Making Language Models Robust Against Negation

TL;DR

This paper addresses the persistent challenge that language models face when processing negation. It introduces two self-supervised pre-training tasks—Next Sentence Polarity Prediction (NSPP) and a polarity-reversed NSP variant—that enable models to better reason about negation without requiring labeled data. Across a broad suite of benchmarks, including CondaQA and several NLI/NLU datasets plus LAMA/LAMA-Neg, models pre-trained on these tasks show consistent improvements in negation robustness, with NSP generally delivering stronger gains than NSPP. While joint training on both tasks can be beneficial in some settings, it does not universally improve performance, highlighting nuanced interactions between tasks and model sizes.

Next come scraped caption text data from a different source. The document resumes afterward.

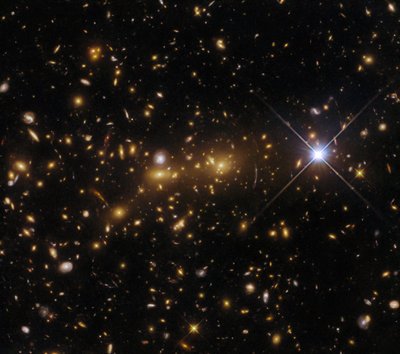 Kosminis teleskopas „Hubble“ įamžino naują stulbinantį masyvaus galaktikų spiečiaus, vadinamo eMACS J1353.7+4329, vaizdą. ESA/Hubble nuotr.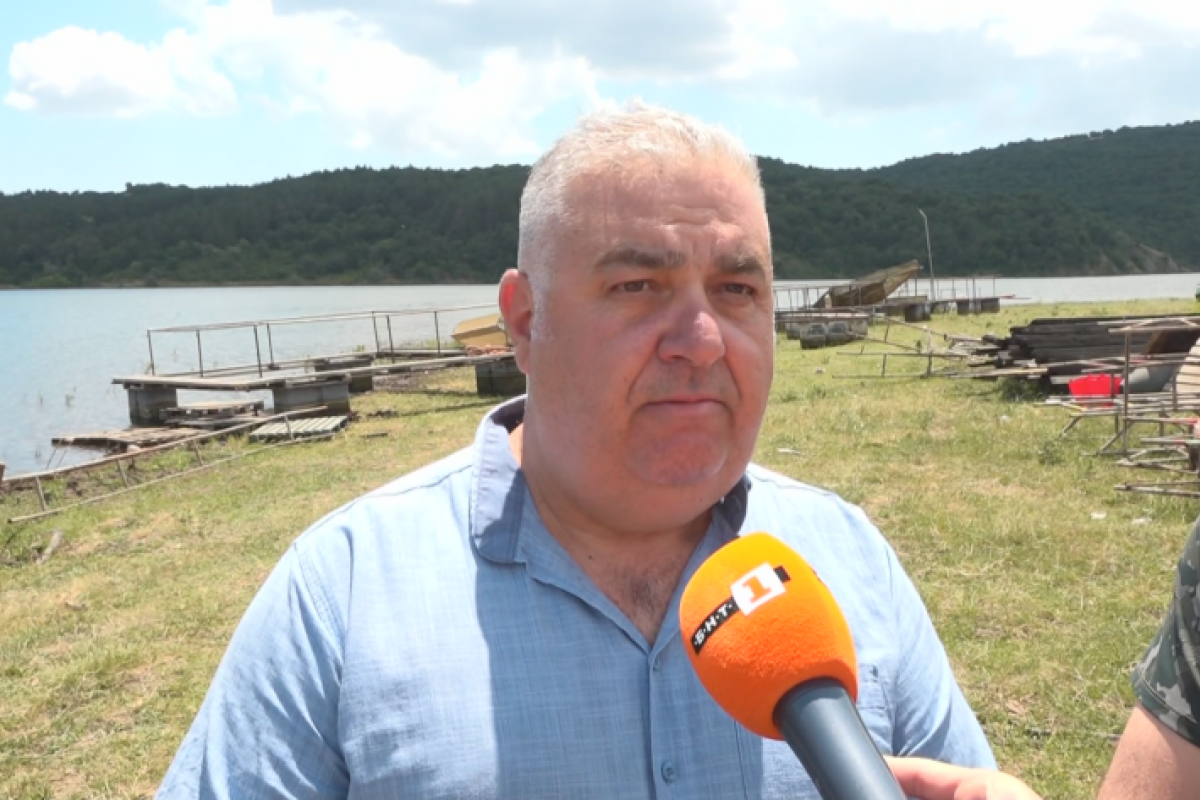 Областната администрация в Бургас си върна владението върху 67 декара от язовир „Ахелой“, ползвани незаконно за риболов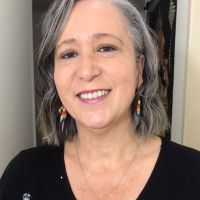 Nadia Oliveira Astrologia cover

Overall, the approach enhances negation reasoning while maintaining competitive performance on inputs without negation, offering a scalable, language-agnostic pathway to more reliable NLP systems in real-world contexts.

Abstract

Negation has been a long-standing challenge for language models. Previous studies have shown that they struggle with negation in many natural language understanding tasks. In this work, we propose a self-supervised method to make language models more robust against negation. We introduce a novel task, Next Sentence Polarity Prediction (NSPP), and a variation of the Next Sentence Prediction (NSP) task. We show that BERT and RoBERTa further pre-trained on our tasks outperform the off-the-shelf versions on nine negation-related benchmarks. Most notably, our pre-training tasks yield between 1.8% and 9.1% improvement on CondaQA, a large question-answering corpus requiring reasoning over negation.

Figures (8)

• Figure 1: An example of the training data for our self-supervised tasks. The tasks are: (a) given a sentence, predict whether the next sentence will contain negation (NSPP) and (b) given two sentences, predict whether the second sentence is a coherent continuation of the first one (NSP).
• Figure 2: Trends in pre-training transformers on NSPP, NSP, and both tasks jointly from left to right. Validation loss decreases as the model is trained on larger subsets of the corpus. We stop training when the validation loss plateaus.
• Figure 3: Examples of Llama-2-7B failing to remove the negation cue from a sentence. The model resists removing the negation cue, arguing that the sentence is factually incorrect or incoherent. In the last example, the model returns the original sentence without any changes claiming that it has removed the negation cue and fixed the grammar.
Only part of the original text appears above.